While cooking, Quiroga dispenses advice on kitchen hygiene and calories. Latinos should get away from the same old meat, rice, beans and pupusas, he says. A more diverse diet can be healthier, while maintaining its Latin identity, and cans can help.
Now Quiroga and Chavez open several cans of corn, green beans, black beans, garbanzo beans and white beans. Chavez adds garlic, onion and cilantro and mixes it all together. "Usually I also add lime or lemon juice, but today I just have red wine vinegar," he says. "And I like to slice in some jalapeños."
A four-bean salad? At how many gringo dinner parties have we seen this?
The parents in the audience say they hardly ever mix beans this way. They prefer to soak dried beans for several hours because those beans taste better than canned. Getting three or four pots of different dried beans going to make a mixed bean salad would be a pain. Cans might be a solution.
"The bean salad, the mix, that is new for me," Gomez says.
Mission impossible
Quiroga and Chavez serve the chicken sliced over the bean salad. Now comes the best part of a cooking class. Everyone slurps down the soup, eats up the chicken and beans, and talks about why they came to the class.
"In our countries, we don't eat with cans," says Lilian Mejia, from Honduras. "We don't know how to cook with cans. . . . I have to learn more about cans."

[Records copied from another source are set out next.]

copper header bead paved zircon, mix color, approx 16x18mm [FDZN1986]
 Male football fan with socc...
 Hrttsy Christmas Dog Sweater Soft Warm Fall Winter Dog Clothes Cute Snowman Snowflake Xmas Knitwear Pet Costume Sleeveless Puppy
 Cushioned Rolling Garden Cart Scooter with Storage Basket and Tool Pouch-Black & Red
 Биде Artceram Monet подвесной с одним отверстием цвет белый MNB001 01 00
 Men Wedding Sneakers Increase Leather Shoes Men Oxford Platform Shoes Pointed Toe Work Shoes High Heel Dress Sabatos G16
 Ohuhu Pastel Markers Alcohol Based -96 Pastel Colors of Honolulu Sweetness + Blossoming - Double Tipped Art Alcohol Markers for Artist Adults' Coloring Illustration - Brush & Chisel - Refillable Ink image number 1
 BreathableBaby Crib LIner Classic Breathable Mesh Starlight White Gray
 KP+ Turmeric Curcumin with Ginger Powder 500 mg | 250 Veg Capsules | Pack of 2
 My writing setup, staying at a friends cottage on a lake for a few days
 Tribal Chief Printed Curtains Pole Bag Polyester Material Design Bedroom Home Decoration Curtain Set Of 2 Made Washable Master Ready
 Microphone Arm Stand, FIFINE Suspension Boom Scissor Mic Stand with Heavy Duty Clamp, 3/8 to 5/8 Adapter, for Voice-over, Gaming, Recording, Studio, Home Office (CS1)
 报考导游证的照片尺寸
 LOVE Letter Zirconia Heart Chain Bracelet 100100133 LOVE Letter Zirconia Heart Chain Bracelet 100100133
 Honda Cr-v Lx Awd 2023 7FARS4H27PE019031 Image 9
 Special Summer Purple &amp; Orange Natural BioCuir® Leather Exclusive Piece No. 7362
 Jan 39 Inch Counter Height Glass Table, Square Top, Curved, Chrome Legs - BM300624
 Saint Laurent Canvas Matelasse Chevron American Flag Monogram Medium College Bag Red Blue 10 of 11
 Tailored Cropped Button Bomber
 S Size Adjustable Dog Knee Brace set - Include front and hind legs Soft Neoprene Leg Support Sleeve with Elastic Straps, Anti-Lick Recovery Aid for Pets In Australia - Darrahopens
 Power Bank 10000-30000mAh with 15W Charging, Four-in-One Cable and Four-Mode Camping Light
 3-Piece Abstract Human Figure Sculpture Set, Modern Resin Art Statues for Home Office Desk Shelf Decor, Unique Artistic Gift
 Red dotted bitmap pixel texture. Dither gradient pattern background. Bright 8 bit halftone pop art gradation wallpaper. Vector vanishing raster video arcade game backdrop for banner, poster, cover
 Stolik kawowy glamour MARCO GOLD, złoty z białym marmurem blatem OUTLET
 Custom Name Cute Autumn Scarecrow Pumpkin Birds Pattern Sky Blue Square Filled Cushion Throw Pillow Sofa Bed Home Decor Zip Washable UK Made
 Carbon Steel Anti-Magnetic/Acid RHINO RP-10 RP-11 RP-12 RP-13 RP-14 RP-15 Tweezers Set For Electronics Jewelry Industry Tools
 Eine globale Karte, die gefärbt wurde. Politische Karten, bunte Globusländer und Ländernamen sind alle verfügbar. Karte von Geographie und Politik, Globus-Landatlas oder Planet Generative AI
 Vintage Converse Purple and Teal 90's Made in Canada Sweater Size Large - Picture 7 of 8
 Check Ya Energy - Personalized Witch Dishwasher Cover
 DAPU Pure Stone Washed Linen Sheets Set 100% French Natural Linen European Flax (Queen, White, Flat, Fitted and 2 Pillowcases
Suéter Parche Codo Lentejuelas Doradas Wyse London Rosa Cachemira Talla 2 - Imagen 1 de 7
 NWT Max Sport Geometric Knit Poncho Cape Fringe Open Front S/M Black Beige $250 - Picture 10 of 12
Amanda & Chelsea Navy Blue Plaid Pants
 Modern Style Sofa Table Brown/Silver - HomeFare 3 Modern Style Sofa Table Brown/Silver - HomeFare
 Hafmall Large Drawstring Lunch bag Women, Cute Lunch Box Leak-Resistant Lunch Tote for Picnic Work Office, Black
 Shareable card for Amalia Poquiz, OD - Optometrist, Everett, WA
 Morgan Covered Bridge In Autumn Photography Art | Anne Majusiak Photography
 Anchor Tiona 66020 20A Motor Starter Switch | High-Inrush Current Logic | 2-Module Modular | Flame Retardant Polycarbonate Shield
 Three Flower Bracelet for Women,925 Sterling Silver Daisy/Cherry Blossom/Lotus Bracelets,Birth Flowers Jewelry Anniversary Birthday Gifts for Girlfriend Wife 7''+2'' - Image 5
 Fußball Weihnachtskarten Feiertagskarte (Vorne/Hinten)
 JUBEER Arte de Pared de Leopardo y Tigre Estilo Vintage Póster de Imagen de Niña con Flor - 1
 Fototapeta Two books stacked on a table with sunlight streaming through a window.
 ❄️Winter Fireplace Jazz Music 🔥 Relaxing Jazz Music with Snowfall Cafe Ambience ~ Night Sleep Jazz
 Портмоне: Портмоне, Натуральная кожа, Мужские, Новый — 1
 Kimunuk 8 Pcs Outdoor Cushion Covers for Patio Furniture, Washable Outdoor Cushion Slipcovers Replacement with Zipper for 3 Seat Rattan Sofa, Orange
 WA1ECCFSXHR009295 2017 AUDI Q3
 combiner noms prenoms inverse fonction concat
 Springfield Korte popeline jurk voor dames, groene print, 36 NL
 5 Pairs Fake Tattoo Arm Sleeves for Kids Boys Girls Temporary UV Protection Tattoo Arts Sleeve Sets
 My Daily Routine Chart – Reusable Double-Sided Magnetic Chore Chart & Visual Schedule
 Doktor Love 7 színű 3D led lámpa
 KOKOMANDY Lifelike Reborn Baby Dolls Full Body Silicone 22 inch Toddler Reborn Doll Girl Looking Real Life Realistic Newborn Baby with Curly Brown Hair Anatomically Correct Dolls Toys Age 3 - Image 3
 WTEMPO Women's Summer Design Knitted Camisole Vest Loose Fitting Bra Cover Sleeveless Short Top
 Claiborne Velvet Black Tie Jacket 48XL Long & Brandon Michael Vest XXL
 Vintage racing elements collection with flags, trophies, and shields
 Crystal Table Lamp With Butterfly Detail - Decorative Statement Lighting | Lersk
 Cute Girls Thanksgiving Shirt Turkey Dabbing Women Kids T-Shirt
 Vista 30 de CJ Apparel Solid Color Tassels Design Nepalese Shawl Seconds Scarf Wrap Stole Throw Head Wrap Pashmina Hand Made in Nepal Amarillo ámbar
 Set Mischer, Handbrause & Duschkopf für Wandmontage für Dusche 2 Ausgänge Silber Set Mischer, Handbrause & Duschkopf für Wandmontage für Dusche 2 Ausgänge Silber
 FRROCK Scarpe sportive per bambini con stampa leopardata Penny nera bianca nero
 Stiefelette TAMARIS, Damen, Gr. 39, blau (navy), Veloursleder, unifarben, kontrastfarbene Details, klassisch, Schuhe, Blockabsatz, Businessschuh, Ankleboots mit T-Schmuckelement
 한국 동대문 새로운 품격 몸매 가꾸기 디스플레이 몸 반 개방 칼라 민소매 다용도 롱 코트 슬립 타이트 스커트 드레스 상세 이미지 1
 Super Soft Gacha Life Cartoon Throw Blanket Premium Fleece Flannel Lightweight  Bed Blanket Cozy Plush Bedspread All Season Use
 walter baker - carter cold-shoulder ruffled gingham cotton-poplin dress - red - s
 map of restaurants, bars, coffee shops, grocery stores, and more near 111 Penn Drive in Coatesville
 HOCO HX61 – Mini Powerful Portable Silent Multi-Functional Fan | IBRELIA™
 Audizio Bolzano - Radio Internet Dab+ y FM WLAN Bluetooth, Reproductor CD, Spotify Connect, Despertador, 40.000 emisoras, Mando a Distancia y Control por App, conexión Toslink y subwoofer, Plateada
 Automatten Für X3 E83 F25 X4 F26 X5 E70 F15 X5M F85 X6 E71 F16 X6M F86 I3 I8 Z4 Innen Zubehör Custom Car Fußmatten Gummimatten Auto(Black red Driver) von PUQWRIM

"In Mexico, food in cans is more expensive, and here it's cheaper," says Marbella Lopez. "That's the difference."
As for the baked beans, Quiroga gives up.
"You can liven them up, put a little bit of our flavor on them," he says. "A little cilantro, onion, garlic. . . . Baked beans are very American. They eat them in los barbecues, and it's delicious."
No one appears convinced. Baked beans are a mission impossible for another class. Latinos don't do baked beans, maybe not even on Easter. That unopened can will go back on the shelf.